Esa experiencia es compartida por millones de mexicanos. Según datos de la Encuesta Nacional de Victimización y Percepción de la Seguridad Pública (Envipe), se registraron 5.7 millones de intentos de extorsión en 2018. En 91.6% de esos casos, el delito se cometió por vía telefónica. Eso significa que, en un solo año, se realizaron 5.2 millones de llamadas de extorsión. Eso equivale a 14,305 llamadas por día en promedio, 596 por hora, casi 10 por minuto.
Este fenómeno no es nuevo. En Google, encontré referencias al tema desde 2006. Tampoco son nuevos los esfuerzos para combatir esa modalidad de delito. Se ha intentado, entre otras cosas, bloquear la señal de celulares en los penales, informar al público mediante campañas masivas, establecer un registro de usuarios de servicios telefónicos, incrementar las sanciones penales para el delito de extorsión telefónica y construir un registro de números de extorsión.
Algo de eso ha sido útil. Según datos de la Envipe, el número de intentos de extorsión telefónica disminuyó 23% entre 2014 y 2018. Pero aún con eso, las cifras siguen siendo apabullantes.

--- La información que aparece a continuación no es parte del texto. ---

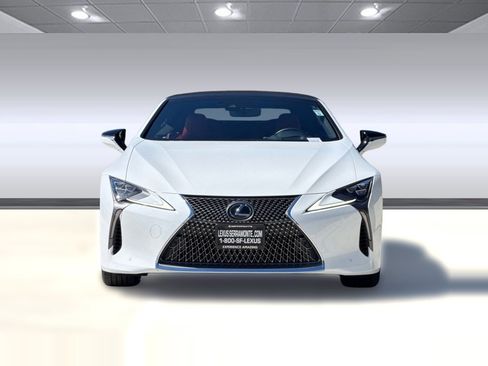 Certified 2022 Lexus LC 500 Convertible w/ Touring Package image 6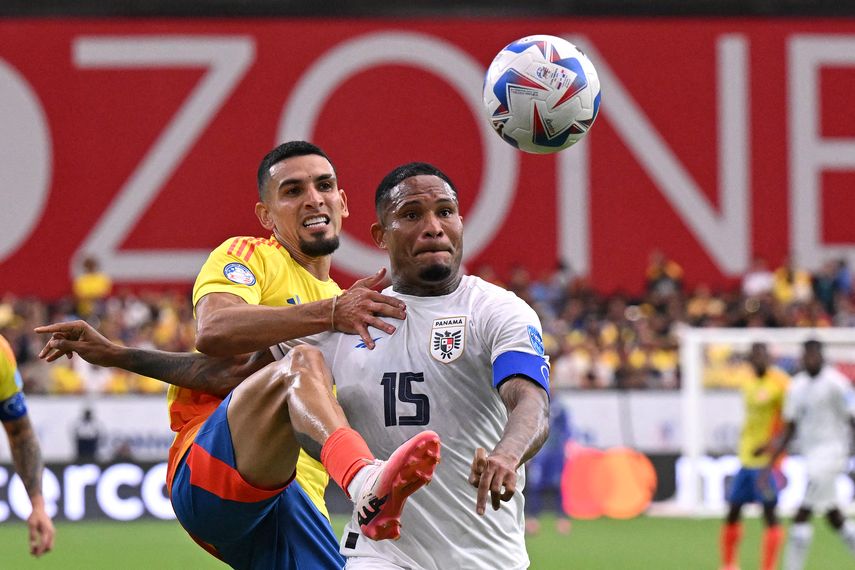 Eric Davis vs Colombia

¿Qué explica la persistencia del fenómeno? Van algunas hipótesis:
1. La extorsión telefónica persiste porque el miedo es una constante en la vida mexicana. En un entorno donde la violencia es espectáculo, donde todos los días aparecen cuerpos sin cabeza y cabezas sin cuerpo, donde hay secuestros por docenas, donde los delincuentes se agarran a tiros en espacios públicos, las amenazas de violencia se vuelven por demás creíbles. Y mientras más creíble sea la amenaza, menos violencia efectiva se tiene que ejercer para sacarle dinero a la gente. Una llamada bien actuada puede ser suficiente para detonar esa reserva de terror que hay dentro de cada habitante del país.
2. Buena parte de las llamadas de extorsión salen de centros penitenciarios. Es decir, de espacios donde el Estado mexicano tiene un control frágil, por decirlo generosamente. Ese autogobierno de las prisiones ha hecho fracasar, por ejemplo, los inhibidores de señal de celulares: los equipos son objeto de sabotaje, las antenas se reorientan, se instalan dispositivos que inutilizan a los inhibidores, etc. En el sistema penitenciario, corrupción mata tecnología. Y eso permite que el negocio de la extorsión telefónica siga prosperando.
3. La impunidad en la materia es casi universal. En 2018, se abrieron 3564 carpetas de investigación por el delito de extorsión telefónica. De ese total, solo en 192 casos se llegó a la etapa complementaria de investigación (es decir, hubo una sujeción a proceso de un presunto responsable). En el mismo año, había en todo en el sistema penitenciario nacional solo 305 internos cuyo delito primario fue la extorsión telefónica. En resumen, estamos aquí ante un delito que se denuncia poco, se investiga solo por excepción y prácticamente no se castiga. No sorprende por tanto su enorme frecuencia.
En conclusión, es necesario mantener los esfuerzos de años recientes, particularmente las campañas de información a la población sobre cómo reaccionar ante una extorsión telefónica. Pero eso nunca va a ser suficiente. La solución pasa por reducir el miedo y eso requiere atacar delitos como el homicidio y el secuestro.
Mientras el amago de violencia sea dolorosamente creíble, va a haber personas que caigan en el engaño. Inevitablemente.